Condition: Inborn error in primary bile acid synthesis

Inborn errors related to primary bile acid synthesis can cause profound metabolic consequences, such as chronic cholestasis, metabolic liver disease, and impaired fatty acid absorption. These disorders are inherited autosomal recessive conditions associated with defective bile acid synthesis, and oftentimes, they are misdiagnosed or overlooked when evaluating patients for liver or fat malabsorptive disorders.

Examples of these disorders include:

• Bile Acid Synthesis Disorders – These disorders occur when there is decreased or absent activity of a specific enzyme involved in the bile acid synthesis pathway. Common conditions include 3-beta-hydroxy-delta-5-C27-steroid dehydrogenase deficiency, 3-oxoacyl-CoA synthetase deficiency, and cholesterol 7 alpha-hydroxylase deficiency.
• Bile Acid Synthesis Transporter Deficiency – This condition occurs when the body is unable to transport bile acids into cells or the bile acid transporter is not working properly. Common conditions include Dubin-Johnson Syndrome and ATP8B1-associated cholestasis.
• Bile Acid Deficiencies – These disorders occur when the body is not able to produce enough bile acids. Common conditions include farnesoid X receptor deficiency and progressive familial intrahepatic cholestasis.

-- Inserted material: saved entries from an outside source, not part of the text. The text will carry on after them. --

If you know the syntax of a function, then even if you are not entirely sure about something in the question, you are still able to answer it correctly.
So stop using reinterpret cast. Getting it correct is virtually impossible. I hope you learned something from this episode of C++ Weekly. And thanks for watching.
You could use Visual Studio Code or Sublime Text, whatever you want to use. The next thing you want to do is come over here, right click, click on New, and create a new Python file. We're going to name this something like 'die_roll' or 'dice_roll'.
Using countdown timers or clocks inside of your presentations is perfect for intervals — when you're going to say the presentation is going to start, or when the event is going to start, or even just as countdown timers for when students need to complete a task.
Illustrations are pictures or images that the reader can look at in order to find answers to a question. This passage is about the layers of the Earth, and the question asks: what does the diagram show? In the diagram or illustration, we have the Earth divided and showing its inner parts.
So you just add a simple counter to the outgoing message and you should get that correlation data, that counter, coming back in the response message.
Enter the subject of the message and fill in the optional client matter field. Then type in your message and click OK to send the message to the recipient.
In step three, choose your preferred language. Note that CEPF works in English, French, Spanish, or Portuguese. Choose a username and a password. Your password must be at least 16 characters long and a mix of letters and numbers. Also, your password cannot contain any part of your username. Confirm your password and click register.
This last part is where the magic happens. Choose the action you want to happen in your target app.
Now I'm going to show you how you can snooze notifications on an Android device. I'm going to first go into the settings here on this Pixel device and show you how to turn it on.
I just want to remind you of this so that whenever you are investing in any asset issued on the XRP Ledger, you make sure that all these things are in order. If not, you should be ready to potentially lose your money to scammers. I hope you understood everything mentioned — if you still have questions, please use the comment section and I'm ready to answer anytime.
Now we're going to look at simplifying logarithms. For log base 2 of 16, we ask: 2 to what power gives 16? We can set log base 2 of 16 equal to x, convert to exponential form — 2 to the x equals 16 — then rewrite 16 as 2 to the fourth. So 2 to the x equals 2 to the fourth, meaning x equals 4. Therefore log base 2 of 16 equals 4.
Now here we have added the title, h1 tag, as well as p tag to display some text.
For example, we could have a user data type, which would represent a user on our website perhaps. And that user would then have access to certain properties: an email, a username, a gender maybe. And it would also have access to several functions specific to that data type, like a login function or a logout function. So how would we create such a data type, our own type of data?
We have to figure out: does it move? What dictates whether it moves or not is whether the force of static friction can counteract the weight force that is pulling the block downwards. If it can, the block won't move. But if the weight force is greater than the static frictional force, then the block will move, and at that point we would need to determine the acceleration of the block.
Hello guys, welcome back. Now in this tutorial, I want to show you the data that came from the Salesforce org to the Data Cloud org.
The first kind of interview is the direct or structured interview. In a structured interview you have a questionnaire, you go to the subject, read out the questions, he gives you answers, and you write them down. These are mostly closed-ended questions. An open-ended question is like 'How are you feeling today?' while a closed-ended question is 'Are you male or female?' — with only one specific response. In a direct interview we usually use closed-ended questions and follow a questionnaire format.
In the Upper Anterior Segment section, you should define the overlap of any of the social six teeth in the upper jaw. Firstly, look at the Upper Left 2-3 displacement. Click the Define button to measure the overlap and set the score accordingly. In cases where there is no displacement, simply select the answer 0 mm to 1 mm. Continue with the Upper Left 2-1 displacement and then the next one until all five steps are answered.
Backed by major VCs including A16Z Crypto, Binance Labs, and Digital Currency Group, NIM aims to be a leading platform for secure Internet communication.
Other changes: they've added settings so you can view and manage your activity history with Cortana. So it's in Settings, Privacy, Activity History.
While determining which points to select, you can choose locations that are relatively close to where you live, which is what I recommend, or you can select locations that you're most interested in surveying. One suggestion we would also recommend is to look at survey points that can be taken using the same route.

The diagnosis of inborn error in primary bile acid synthesis can be made by detailed laboratory investigations, such as metabolic screening tests, complete blood count, liver function tests, and bile acid analysis. Treatment of these disorders is based on the individual patient’s condition and may include medications, dietary modifications, and in some cases, a liver transplant.

Conclusion

Inborn errors in primary bile acid synthesis can have profound metabolic consequences, but through detailed laboratory investigations and patient-specific treatment plans, these disorders can be managed effectively.